> **Work request**
Write out, from the entries below, exactly the lines that run between the lines holding "And then here" and "Three tips for", inclusive, and stop there.

> **Listed records**
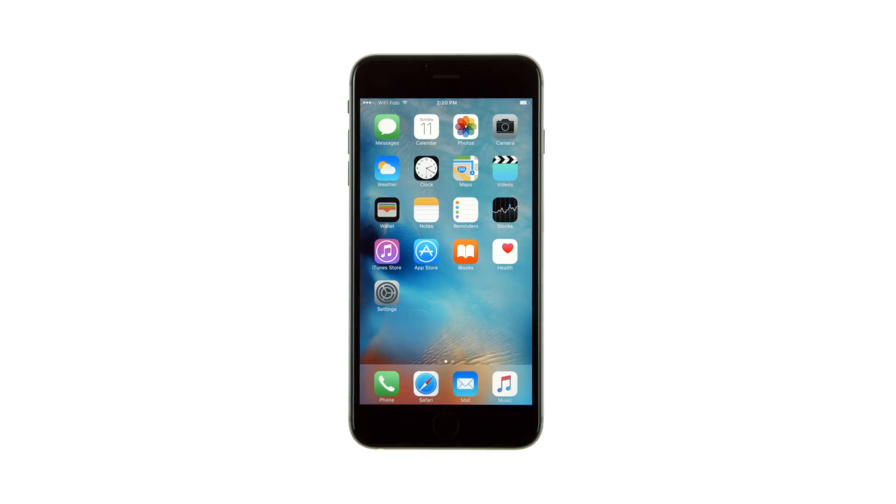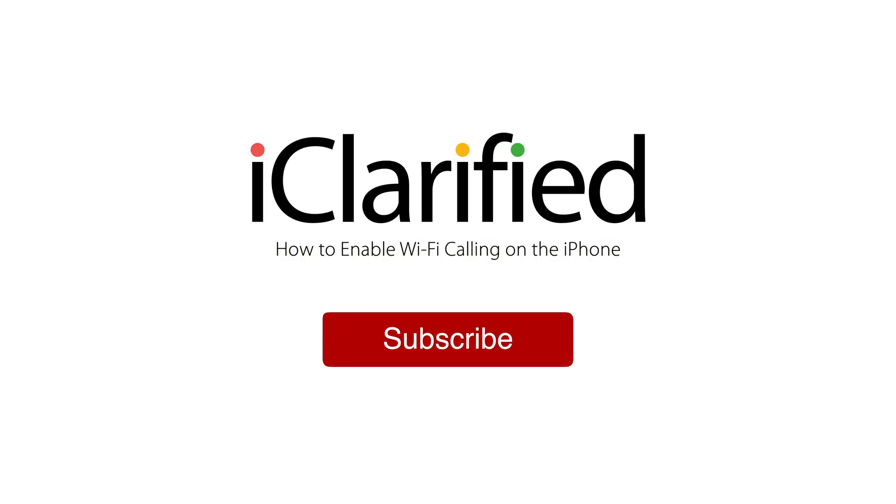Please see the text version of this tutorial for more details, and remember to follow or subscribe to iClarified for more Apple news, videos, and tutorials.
--
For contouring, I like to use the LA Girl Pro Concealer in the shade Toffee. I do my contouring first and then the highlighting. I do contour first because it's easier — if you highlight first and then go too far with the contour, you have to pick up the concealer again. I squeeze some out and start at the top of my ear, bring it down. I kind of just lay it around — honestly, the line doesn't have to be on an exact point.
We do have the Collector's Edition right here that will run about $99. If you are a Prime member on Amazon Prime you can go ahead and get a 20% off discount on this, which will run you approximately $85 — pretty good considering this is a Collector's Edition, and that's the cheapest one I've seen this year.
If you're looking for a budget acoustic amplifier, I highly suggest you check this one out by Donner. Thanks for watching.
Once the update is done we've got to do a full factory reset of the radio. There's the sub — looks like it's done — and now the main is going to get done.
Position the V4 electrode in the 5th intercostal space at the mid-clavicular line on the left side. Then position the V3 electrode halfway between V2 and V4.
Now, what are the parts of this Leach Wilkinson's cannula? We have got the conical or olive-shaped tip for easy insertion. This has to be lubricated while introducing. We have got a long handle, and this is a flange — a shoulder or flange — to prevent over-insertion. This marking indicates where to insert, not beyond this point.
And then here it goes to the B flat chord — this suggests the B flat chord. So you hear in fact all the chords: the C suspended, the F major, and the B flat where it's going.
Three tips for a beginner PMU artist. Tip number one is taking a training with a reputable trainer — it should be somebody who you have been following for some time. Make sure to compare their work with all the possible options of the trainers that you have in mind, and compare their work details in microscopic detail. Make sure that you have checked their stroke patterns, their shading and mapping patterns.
---
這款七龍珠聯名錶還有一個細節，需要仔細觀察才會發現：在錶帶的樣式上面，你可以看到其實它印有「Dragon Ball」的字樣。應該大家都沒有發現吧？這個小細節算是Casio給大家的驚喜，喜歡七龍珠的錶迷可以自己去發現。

> **Response**
And then here it goes to the B flat chord — this suggests the B flat chord. So you hear in fact all the chords: the C suspended, the F major, and the B flat where it's going.
Three tips for a beginner PMU artist. Tip number one is taking a training with a reputable trainer — it should be somebody who you have been following for some time. Make sure to compare their work with all the possible options of the trainers that you have in mind, and compare their work details in microscopic detail. Make sure that you have checked their stroke patterns, their shading and mapping patterns.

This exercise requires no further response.